Aquellos irreverentes jóvenes británicos fueron sostenidamente revolucionarios en su estética y traspasaron cualquier frontera artística y geográfica; trascendieron su tiempo con una gravitación innegable hasta el presente. Revolucionaron no solo la música popular, sino el estilo de los espectáculos, y liberaron todos los instintos del rock para convertirse en una de las grandes fuerzas culturales del siglo. Sus pegajosas canciones no apartaron la experimentación, conciliaron aceptación comercial con calidad musical y se constituyeron, junto a las de la banda The Rolling Stones, en referentes de toda una época. Cambiaron la manera de escuchar la música popular y tributaron decisivamente a una trasformación cultural que contribuyó a catalizar, desde el imaginario, procesos sociales y políticos de ese momento. El dúo de John Lennon y Paul Mac Cartney constituyó la alianza de composición más importante de la música de todos los tiempos, en la que cada uno aportaba su impronta, y se le unían a la rebeldía y a la imaginación, el sentido comercial y la variedad interpretativa. Pronto se distinguió el más rebelde e imaginativo: Lennon.

Se trataba de una obra de desbordante riqueza imaginativa y sorprendente y audaz invención, que dejó siempre la expectativa de esperar otra pieza que superara la experiencia anterior.

Desde esta Isla en Revolución, no entendí nunca por qué no se podía considerar “de los nuestros” a aquel iconoclasta que en 1963, durante una memorable actuación del grupo en el Royal Variety Show de Londres, con la presencia de la Reina Madre y otras figuras de la aristocracia, comentó: “Los del gallinero pueden aplaudir; el resto basta con que hagan sonar sus joyas”; devolvió la Orden del Imperio Británico en protesta por la participación de su país en la guerra de Vietnam; aseguró que “El cristianismo se irá. Se desvanecerá y reducirá su influencia. […] Somos más populares que Jesús ahora y no sé qué se irá primero, si el rock and roll o el cristianismo” ―lo que ocasionó la quema de discos de Los Beatles por el KuKluxKlan en el sur norteamericano―; se convirtió en un activista por la paz mundial y en un opositor a la guerra de Vietnam; promovió la libertad de pensamiento y el activismo contra el racismo y el sexismo; grabó “Power to the People”, inspirada en las opiniones del paquistaní Tariq Ali, y “I don’t Want to Be a Soldier”, y fue hostigado por la administración de Richard Nixon y vigilado por el FBI.

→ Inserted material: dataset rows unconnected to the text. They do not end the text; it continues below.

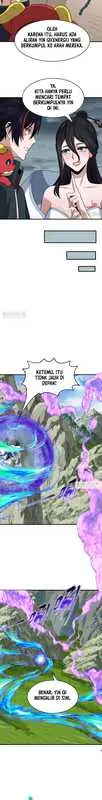 Age of Terror Chapter 180 Gambar 8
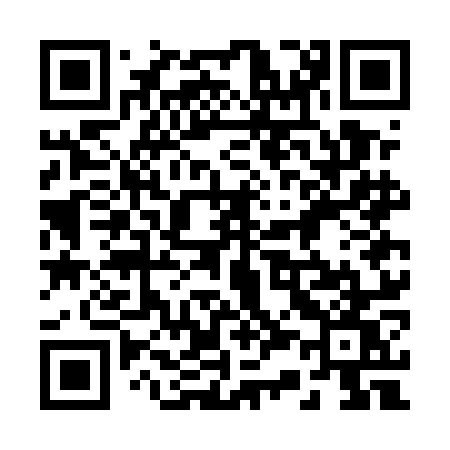 QR code for 237EOW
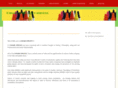 chhabigroups.com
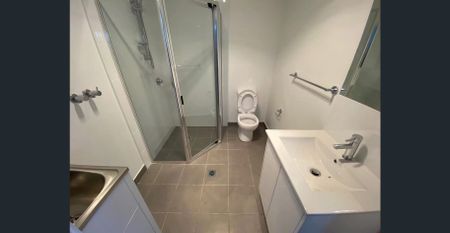 2 Bedroom Granny Flat for lease in The Ponds less than 10 mins walk to Tallawong Station! - Photo 5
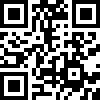 https://khabaronline.ir/xLR6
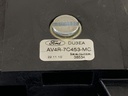 STARK-931380-5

La ignorancia, los prejuicios y las malas políticas lo consideraron tan nocivo o perjudicial para la juventud cubana, que no pocos admiradores suyos y de Los Beatles (y, en general, de las obras de otros grupos de rock británicos y norteamericanos), fueron estigmatizados como “penetrados ideológicamente”, y alguna mente calenturienta pretendió “curarnos” de la adicción a “la música del enemigo” con dosis masivas del mozambique de Pello el Afrokán. Y si en los años 60 Santiago Álvarez utilizó su música para algún noticiero, y el programa radial Nocturno la ponía con frecuencia, al entrar los 70 apenas nos enteramos de qué sucedió con John Lennon después de la separación del grupo. Por suerte, la radio de onda corta y aquellas enormes grabadoras de cinta que podían violar cualquier disposición “políticamente correcta”, nos pusieron al tanto de la obra, la vida y la absurda muerte de este artista de enorme talento musical y singular activismo pacifista. Cuando el “sarampión soviético” cesó, se volvieron a oír aquellas canciones, se pasaron por televisión las películas de Los Beatles y numerosos materiales sobre el cuarteto, se celebraron coloquios en la UNEAC acerca de su legado y hasta se reproducía “Imagine” por los altavoces en espera de las marchas patrióticas, sin que muchos jovencitos comprendieran la emoción de sus padres.

Supongo que cuando se inauguró en un parque de El Vedado la escultura de Lennon realizada por José Villa Soberón, con la presencia de Fidel Castro, los censores sobrevivientes ocultaron su desconcierto bajo la aquiescente sonrisa de siempre; algunos de los que padecieron discriminaciones por admirarlo, consideraron que era ya muy tarde, al menos para ellos, pero muchos nos sentimos reivindicados: al fin Lennon tenía en Cuba “lo que tenía que tener”.